## What is being asked
Look through the data below for the line with "wii-pointer-reverse cursor" and the line with "Trademark WORLD SCOPE INDONESIA", then transcribe exactly from the first through the second, leaving out all pictures.

BEGIN Dataset records

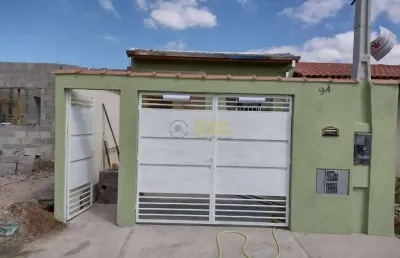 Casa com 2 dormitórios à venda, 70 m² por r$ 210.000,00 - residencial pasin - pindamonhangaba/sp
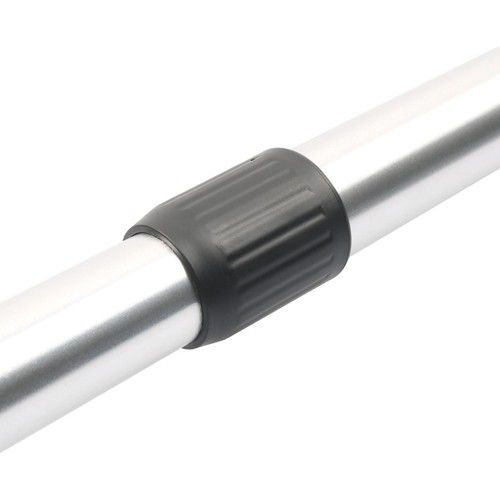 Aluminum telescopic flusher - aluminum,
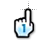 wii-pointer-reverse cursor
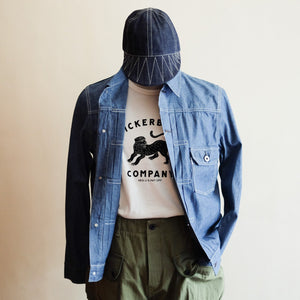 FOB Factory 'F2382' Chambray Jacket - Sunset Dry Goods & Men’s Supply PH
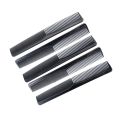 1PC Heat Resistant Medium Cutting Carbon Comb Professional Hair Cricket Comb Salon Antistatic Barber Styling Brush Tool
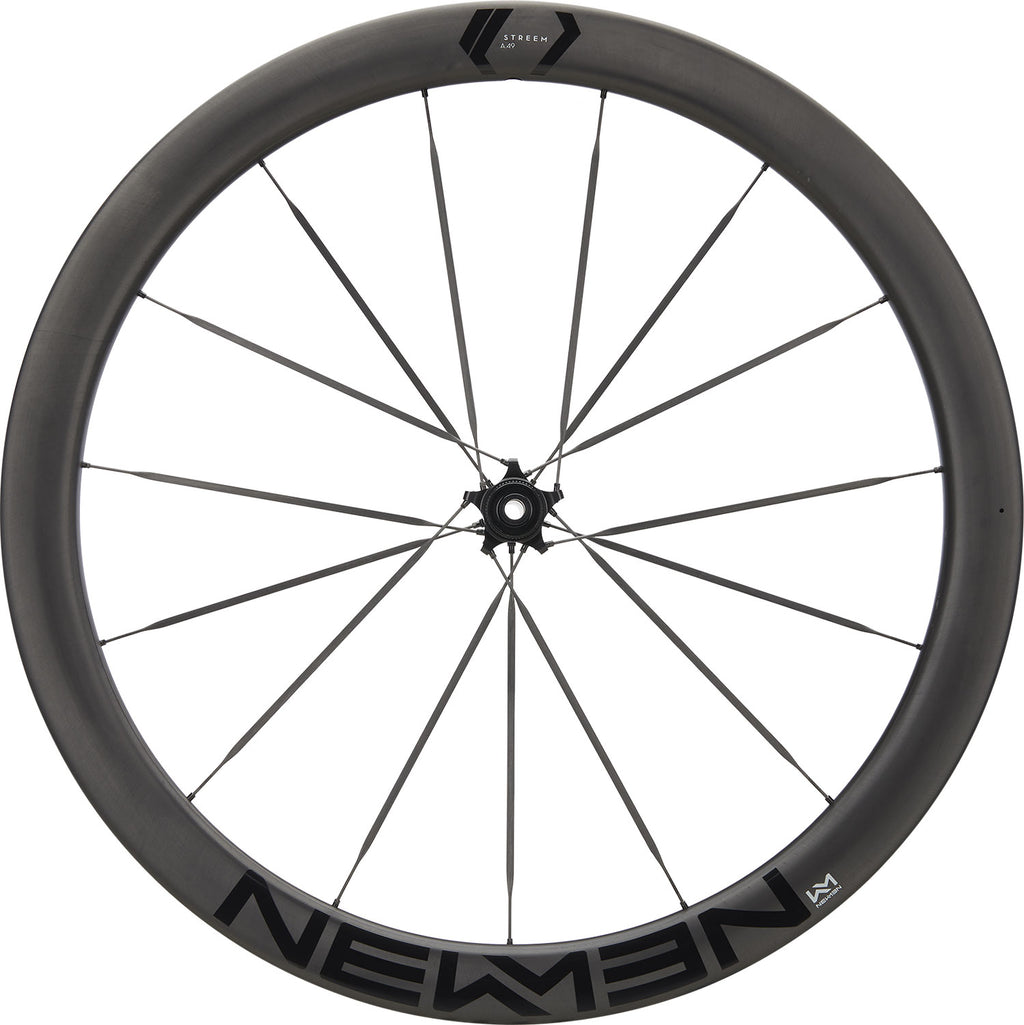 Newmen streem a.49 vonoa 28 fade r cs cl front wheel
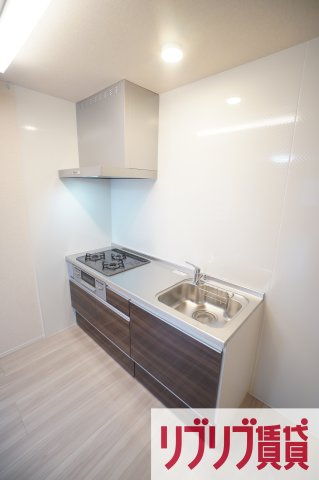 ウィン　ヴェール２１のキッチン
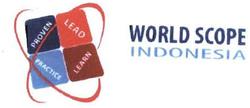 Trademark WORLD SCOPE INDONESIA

END Dataset records
BEGIN Dataset records

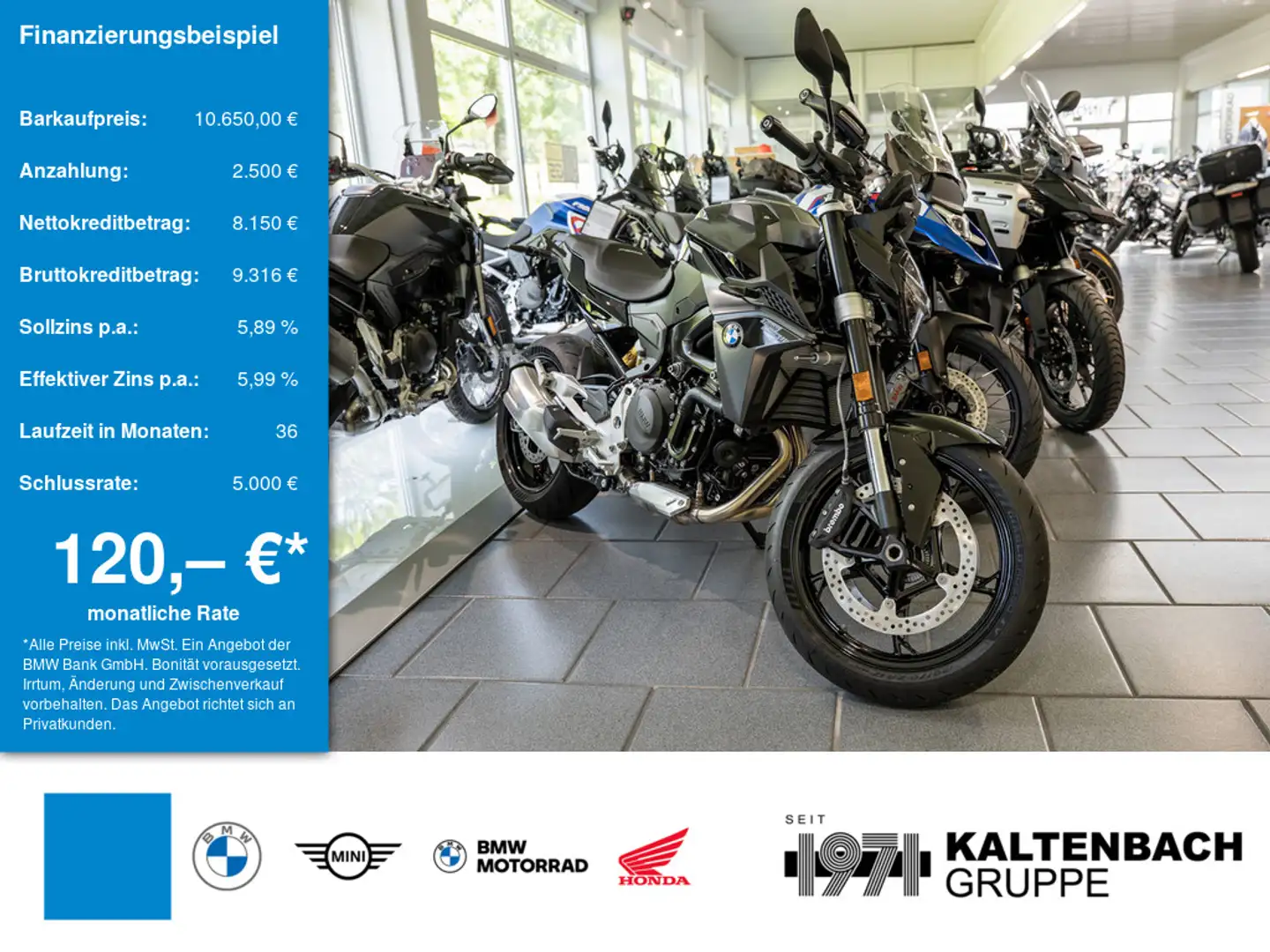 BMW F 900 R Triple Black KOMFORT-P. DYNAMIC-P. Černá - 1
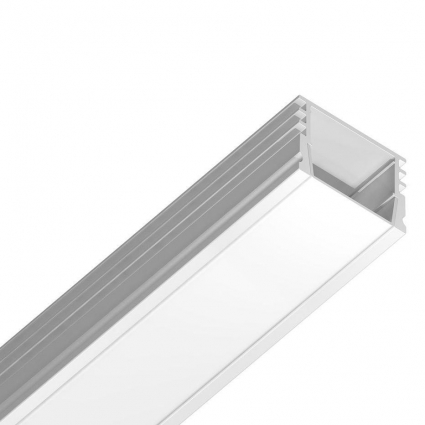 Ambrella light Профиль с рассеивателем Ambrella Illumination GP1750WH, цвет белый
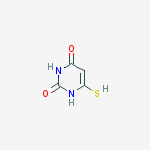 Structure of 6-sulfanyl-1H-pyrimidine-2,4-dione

END Dataset records
BEGIN Dataset records

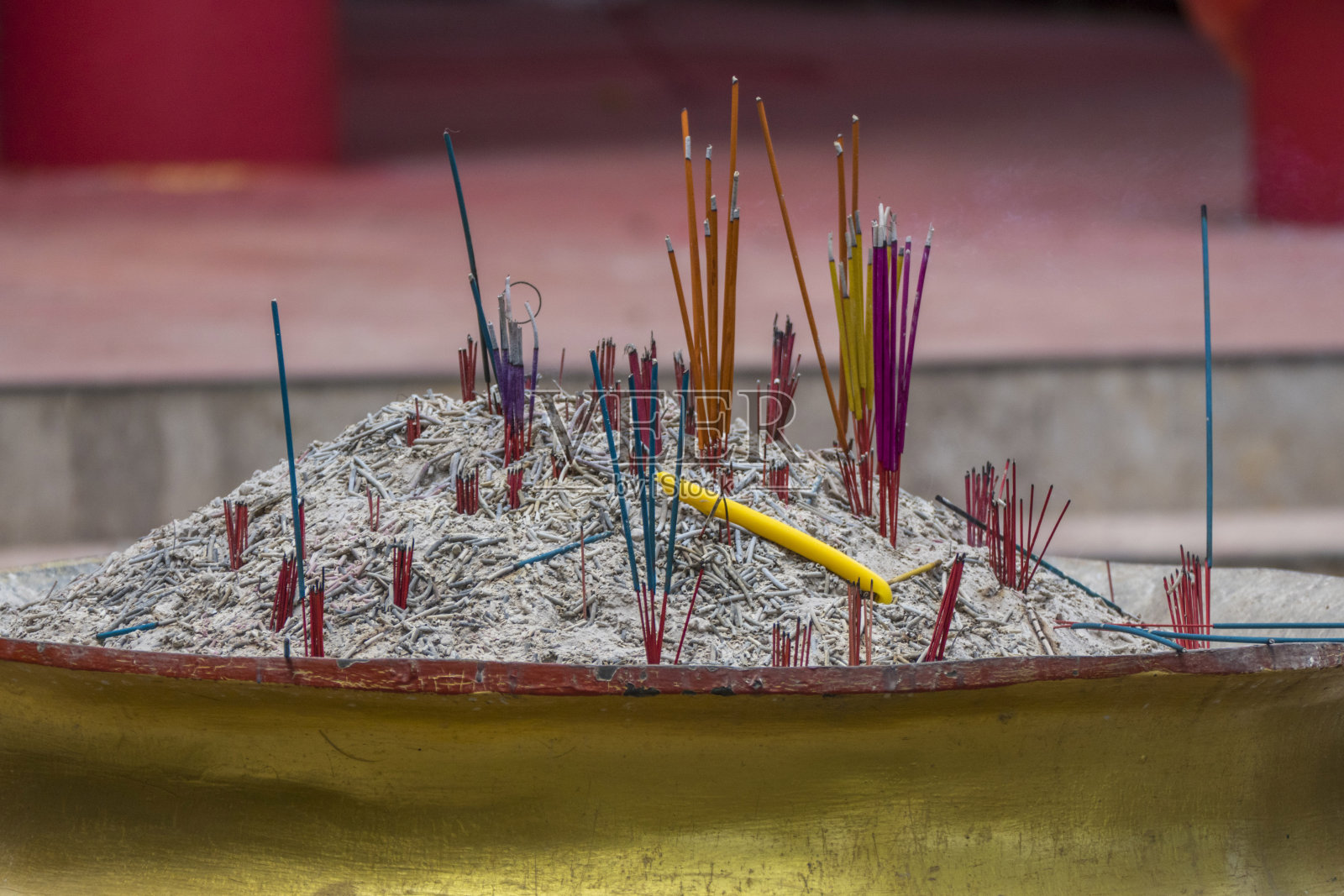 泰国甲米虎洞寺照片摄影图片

END Dataset records

## Task solution
 wii-pointer-reverse cursor
 FOB Factory 'F2382' Chambray Jacket - Sunset Dry Goods & Men’s Supply PH
 1PC Heat Resistant Medium Cutting Carbon Comb Professional Hair Cricket Comb Salon Antistatic Barber Styling Brush Tool
 Newmen streem a.49 vonoa 28 fade r cs cl front wheel
 ウィン　ヴェール２１のキッチン
 Trademark WORLD SCOPE INDONESIA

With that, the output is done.